═══ Extracted data ═══

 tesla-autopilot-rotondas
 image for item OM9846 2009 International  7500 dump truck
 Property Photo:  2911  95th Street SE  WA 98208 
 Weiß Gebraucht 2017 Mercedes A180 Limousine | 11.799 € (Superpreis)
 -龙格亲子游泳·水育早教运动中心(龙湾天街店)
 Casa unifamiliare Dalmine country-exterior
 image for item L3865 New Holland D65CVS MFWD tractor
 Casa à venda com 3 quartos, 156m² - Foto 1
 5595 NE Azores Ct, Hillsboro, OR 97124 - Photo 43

═══
═══ Extracted data ═══

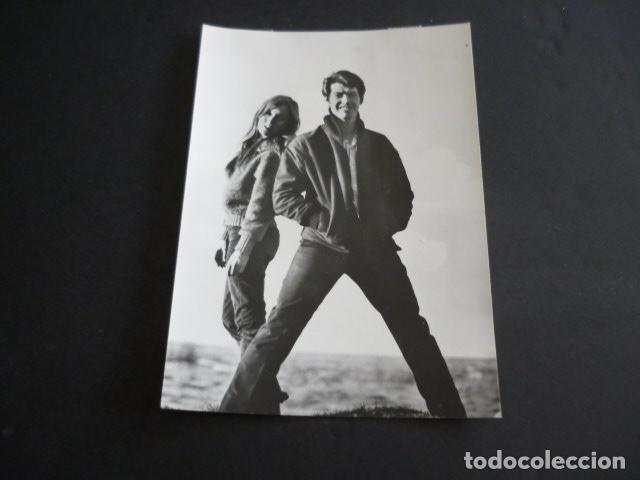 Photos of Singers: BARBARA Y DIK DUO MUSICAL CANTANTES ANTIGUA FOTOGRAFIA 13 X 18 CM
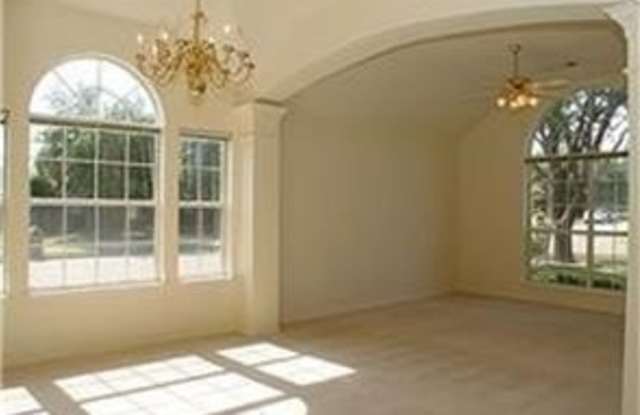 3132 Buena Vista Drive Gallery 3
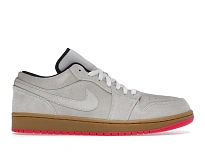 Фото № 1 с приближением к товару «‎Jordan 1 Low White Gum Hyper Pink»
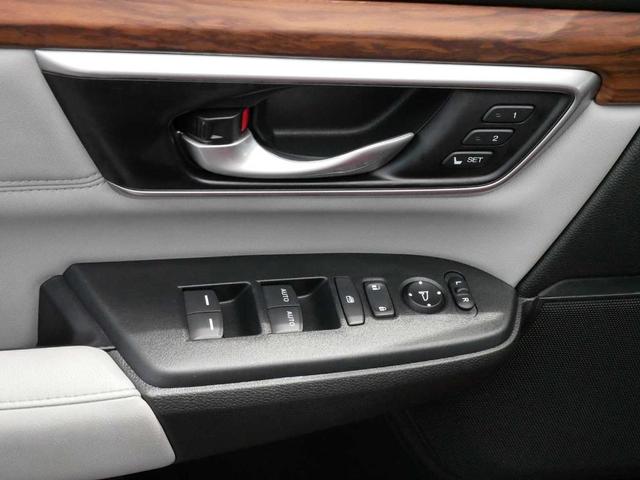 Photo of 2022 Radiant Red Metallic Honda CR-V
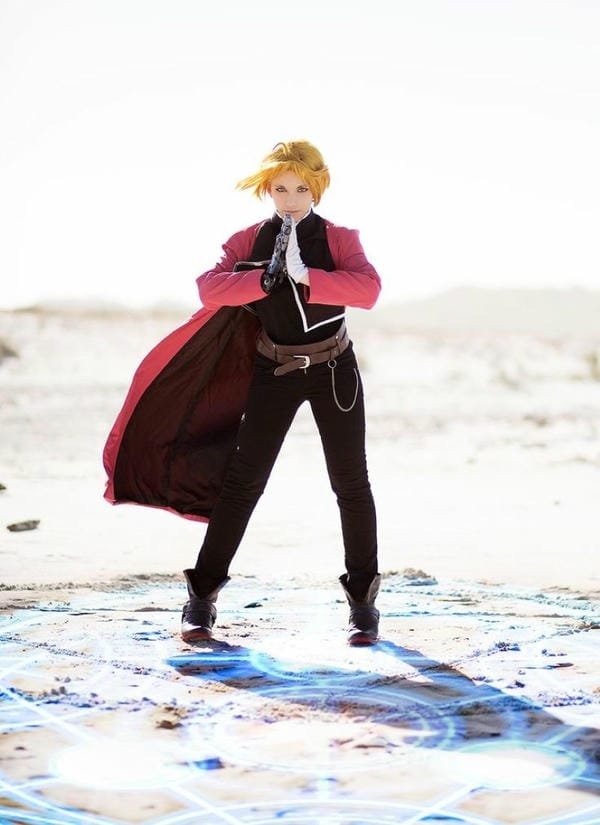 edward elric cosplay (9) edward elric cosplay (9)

═══

__What to produce__
Given the records above, reproduce precisely and only the lines between the line holding "Casa unifamiliare Dalmine country-exterior" and the line holding "5595 NE Azores", inclusive.

__Exercise solution__
 Casa unifamiliare Dalmine country-exterior
 image for item L3865 New Holland D65CVS MFWD tractor
 Casa à venda com 3 quartos, 156m² - Foto 1
 5595 NE Azores Ct, Hillsboro, OR 97124 - Photo 43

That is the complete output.